The day this young lady delivered Simon to my house, he jumped up on top of the television (which was something you could do in those days) and growled at everyone. He growled at me, he growled at my little girl who was eight at the time (now twenty), and he growled at me. He didn’t trust anyone. He didn’t even understand what a cuddle was. He would bite and scratch and growl if I held him too long.
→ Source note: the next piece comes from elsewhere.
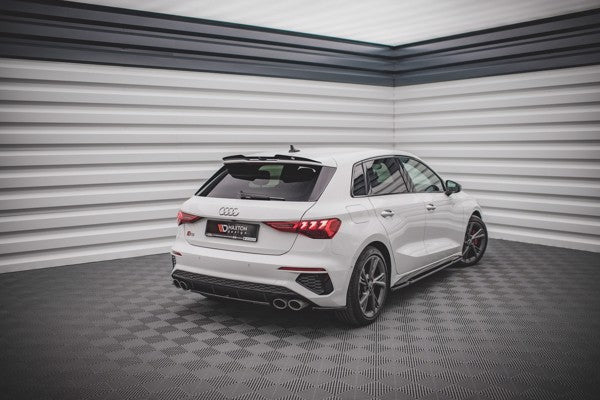 Maxton Rear Side Splitters V.1 Audi S3 Sportback 8Y - Gloss Black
These days, he’s obsessed with coercing cuddles out of me in the sunshine. Saturday-Caturday is his favourite day, because that’s when the family tends to spend a lot of the day outdoors. He likes to listen to retro hits of the fifties and sixties, and he likes to get really dusty in a particular sunny flat spot in the garden. I like to watch him writhing around in his sun-warmed dusty patch. He relaxes me.
He spends the entire day with me, wherever I am outdoors. However, I cannot pat him incorrectly, lest I lose a hand. He still bites for fun, and jumps out from behind bushes – or his favourite hiding spot – behind the wheels of my car. He only ever jumps out at my 8 year old with his claws in, playfully grabbing her around the legs. I have no such privilege. I cop the claws square in the calf muscles.
Simon is all at once sweet and sinister. I adore him and loathe him.
The feeling is, I presume, mutual.
I hope you enjoyed my post-migraine rambling about my experience of migraines, and the introduction to my quite awful cat. I shall be resuming my studies this afternoon. I feel quite better now.